PROBLEM TO SOLVE >> Every word in the data below belongs in your copy, exactly as given; the pictures do not.
*** MATERIAL PROVIDED Section Begins ***
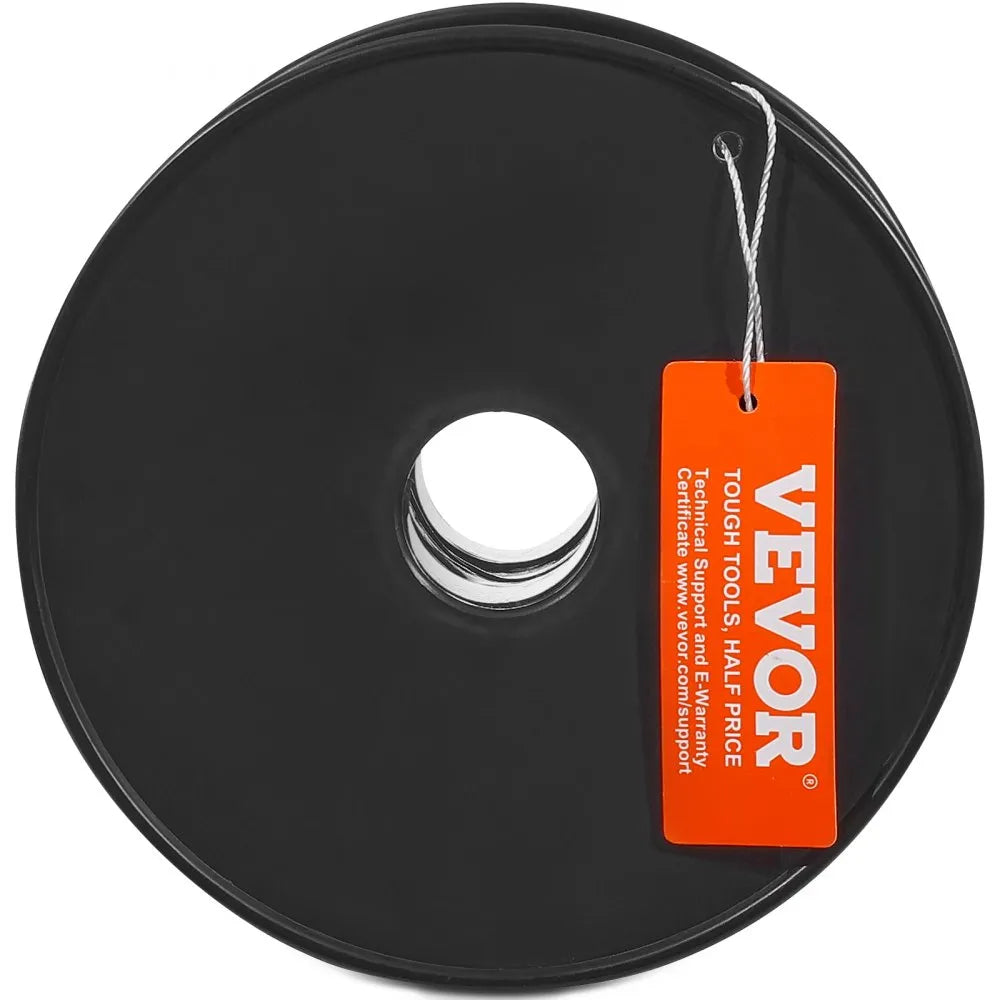 VEVOR Braided Nylon Cord, 3/16 inch by 250 feet, 32-Strand Design, 720 LBS Tensile Strength, Multi-Purpose Black Rope for Outdoor, Tree Work, Hiking, Swinging, and Rescue Operations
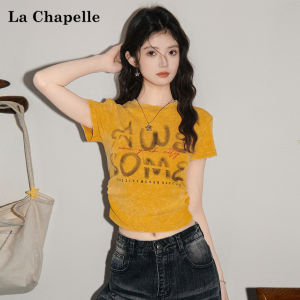 La Chapelle | Letter Print Womens T-shirt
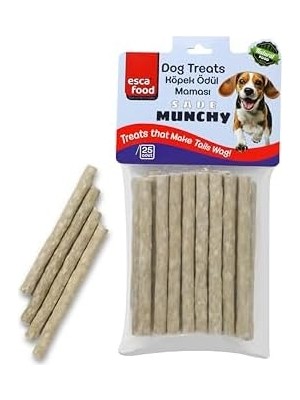 Esca Munchy Çubuk 12 Santimetre 8 Gram 25'li Köpek Ödül Maması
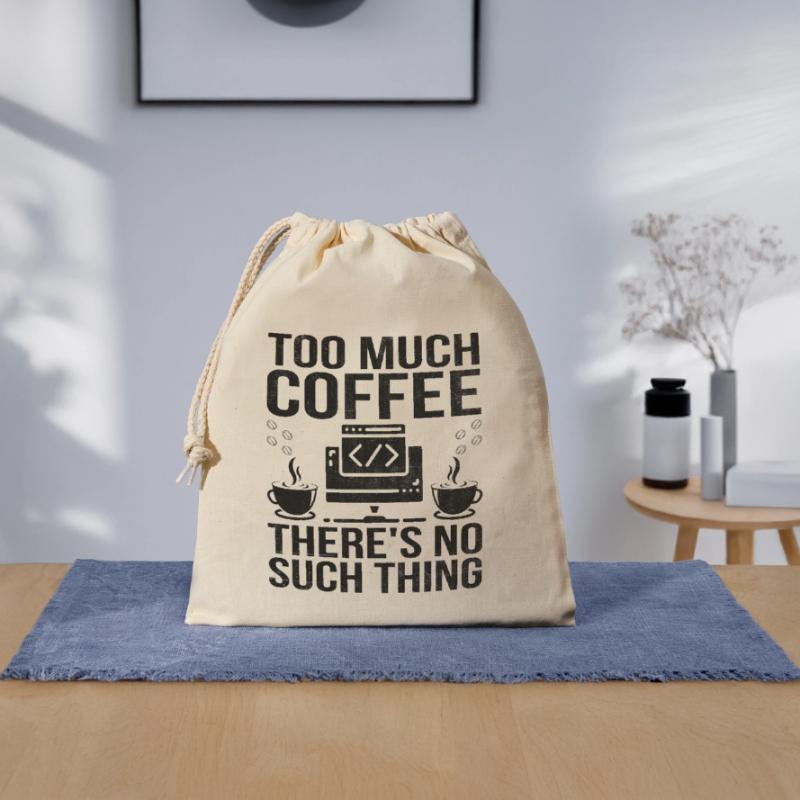 Kaffee-Codierung Programmierer Programmierer Entwickler Nerd Coff Verschließbarer Geschenkbeutel aus Baumwolle (25x30cm)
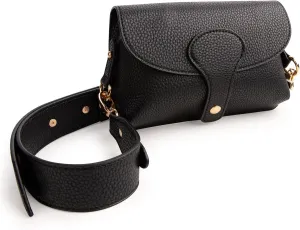 Viva Terry Mini Flap Crossbody Purse for Women Vegan Leather Small Crossbody Bags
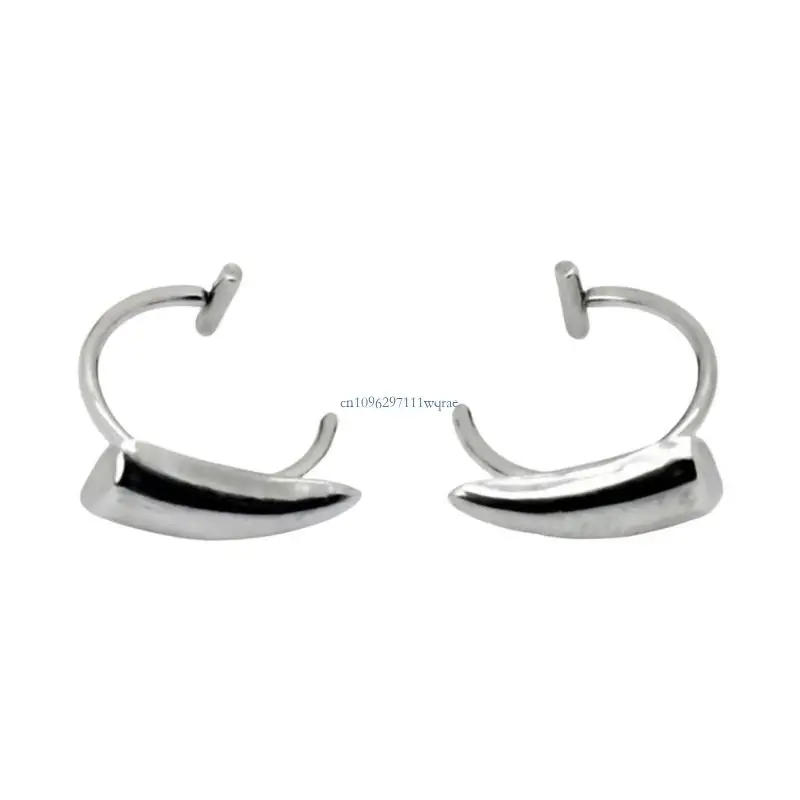 Unique Design Fang Lip Cuffs No Piercing Rings Acecssory For Music Festivals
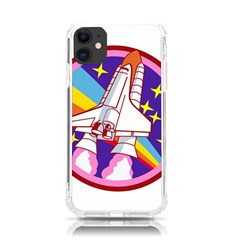 Badge Patch Pink Rainbow Rocket Iphone 11 Tpu Uv Print Case by Sarkoni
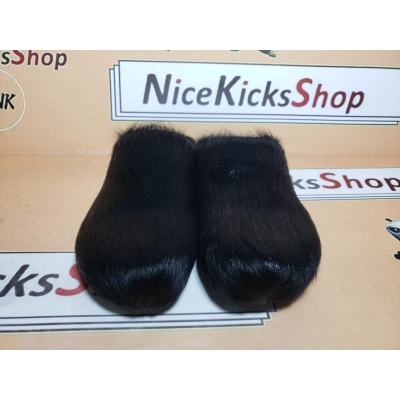 Perfectkicks Black long hair calfskin Fussbett sabot Marni Slides 02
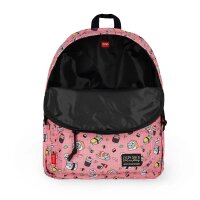 Legami Rucksack KATZE Sushi Cat - My backpack - aus Polyester - Schultasche, Schulrucksack, für Schule & Freizeit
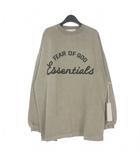 エフオージー エッセンシャルズ FOG ESSENTIALS TRAINING 90'S Long Sleeve Tee ロゴプリント スウェットTシャツ カットソー 長袖 XS ベージュ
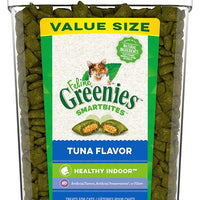 Greenies Feline SMARTBITES Sabores saludables para interiores, pollo y atún, todos los tamaños de bolsa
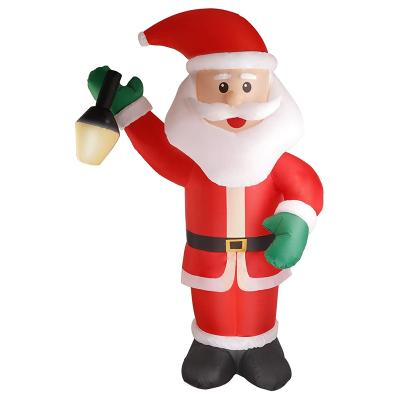 China Home Decoration 7 Foot Christmas Santa Claus Inflatable Toy Doll With Led Lights For Indoor Outdoor Holiday Decor Santa Hat for sale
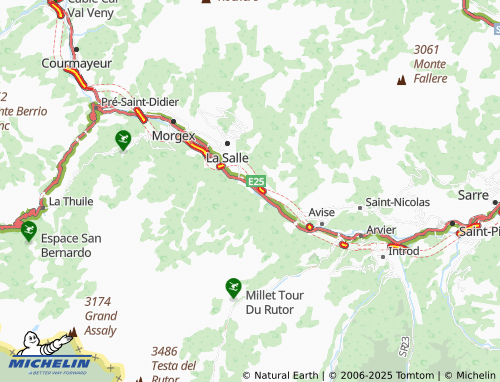 MICHELIN Derby map - ViaMichelin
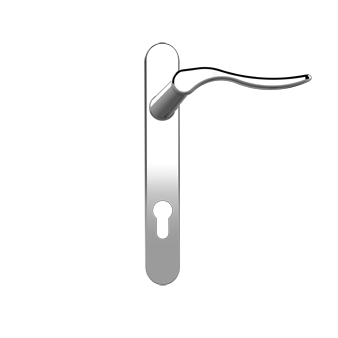 Swan Handle - Chrome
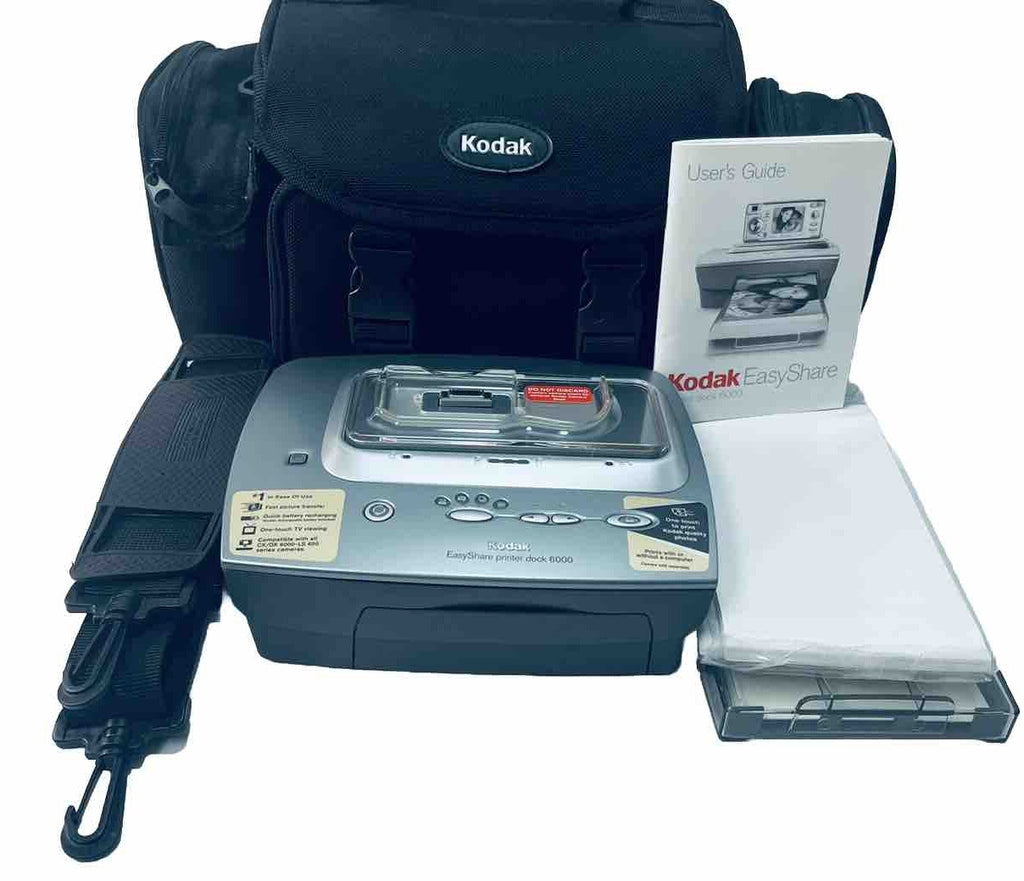 EasyShare Printer Dock 6000 w/Kodak BLACK SHOULDER BAG, NO POWER CORD.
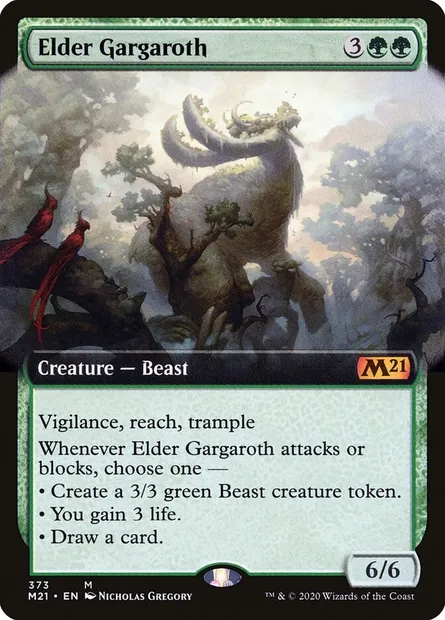 Elder Gargaroth, Magic card M21 373 — Core Set 2021 set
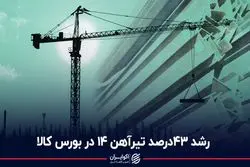 رشد 43 درصدی تیرآهن 14 در بورس کالا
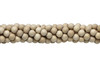 Cheese Wood Natural White Polished 8mm Round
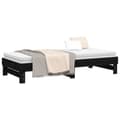 Miniatyrbillede 6 af 10: daybed med udtræk 2x(100x200) cm massivt fyrretræ sort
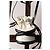 Borsa a secchiello Alexander McQueen in pelle bianca e nera nuova Bianco - vista 3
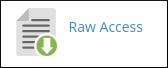 cPanel - Metrics - Raw Access icon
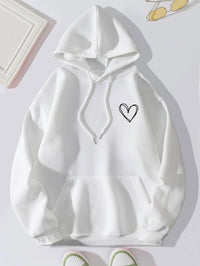 Street Pullover Long Sleeve Loose Fleece Hooded Women's Sweater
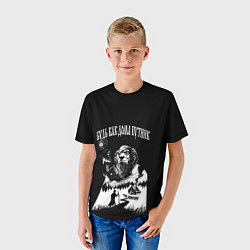 Футболка детская БУДЬ КАК ДОМА ПУТНИК, цвет: 3D-принт — фото 2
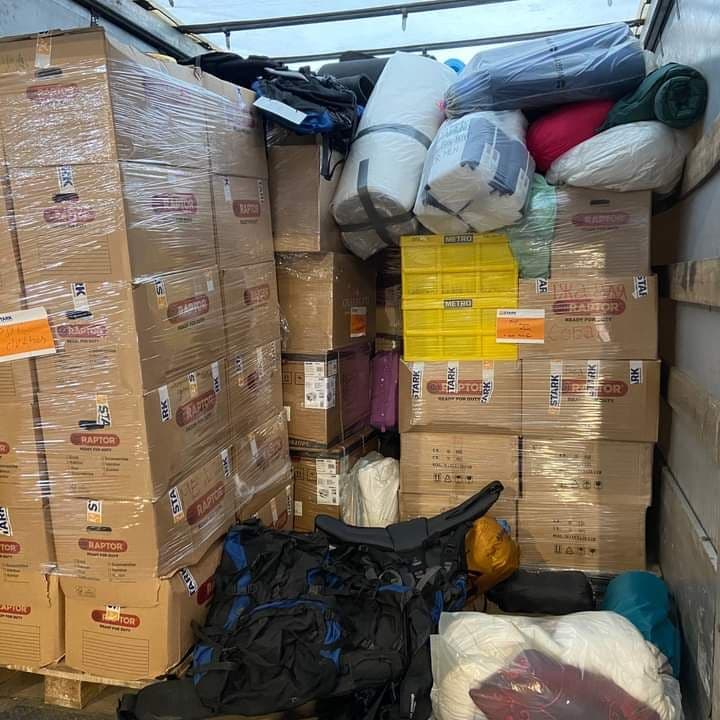 Міжрегіональний координаційний гуманітарний штаб у Вінниці отримав вантаж з Данії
*** MATERIAL PROVIDED Section Ends ***
RESPONSE TO THE EXERCISE >>
 VEVOR Braided Nylon Cord, 3/16 inch by 250 feet, 32-Strand Design, 720 LBS Tensile Strength, Multi-Purpose Black Rope for Outdoor, Tree Work, Hiking, Swinging, and Rescue Operations
 La Chapelle | Letter Print Womens T-shirt
 Esca Munchy Çubuk 12 Santimetre 8 Gram 25'li Köpek Ödül Maması
 Kaffee-Codierung Programmierer Programmierer Entwickler Nerd Coff Verschließbarer Geschenkbeutel aus Baumwolle (25x30cm)
 Viva Terry Mini Flap Crossbody Purse for Women Vegan Leather Small Crossbody Bags
 Unique Design Fang Lip Cuffs No Piercing Rings Acecssory For Music Festivals
 Badge Patch Pink Rainbow Rocket Iphone 11 Tpu Uv Print Case by Sarkoni
 Perfectkicks Black long hair calfskin Fussbett sabot Marni Slides 02
 Legami Rucksack KATZE Sushi Cat - My backpack - aus Polyester - Schultasche, Schulrucksack, für Schule & Freizeit
 エフオージー エッセンシャルズ FOG ESSENTIALS TRAINING 90'S Long Sleeve Tee ロゴプリント スウェットTシャツ カットソー 長袖 XS ベージュ
 Greenies Feline SMARTBITES Sabores saludables para interiores, pollo y atún, todos los tamaños de bolsa
 China Home Decoration 7 Foot Christmas Santa Claus Inflatable Toy Doll With Led Lights For Indoor Outdoor Holiday Decor Santa Hat for sale
 MICHELIN Derby map - ViaMichelin
 Swan Handle - Chrome
 EasyShare Printer Dock 6000 w/Kodak BLACK SHOULDER BAG, NO POWER CORD.
 Elder Gargaroth, Magic card M21 373 — Core Set 2021 set
 رشد 43 درصدی تیرآهن 14 در بورس کالا
 Cheese Wood Natural White Polished 8mm Round
 Miniatyrbillede 6 af 10: daybed med udtræk 2x(100x200) cm massivt fyrretræ sort
 Borsa a secchiello Alexander McQueen in pelle bianca e nera nuova Bianco - vista 3
 cPanel - Metrics - Raw Access icon
 Street Pullover Long Sleeve Loose Fleece Hooded Women's Sweater
 Футболка детская БУДЬ КАК ДОМА ПУТНИК, цвет: 3D-принт — фото 2
 Міжрегіональний координаційний гуманітарний штаб у Вінниці отримав вантаж з Данії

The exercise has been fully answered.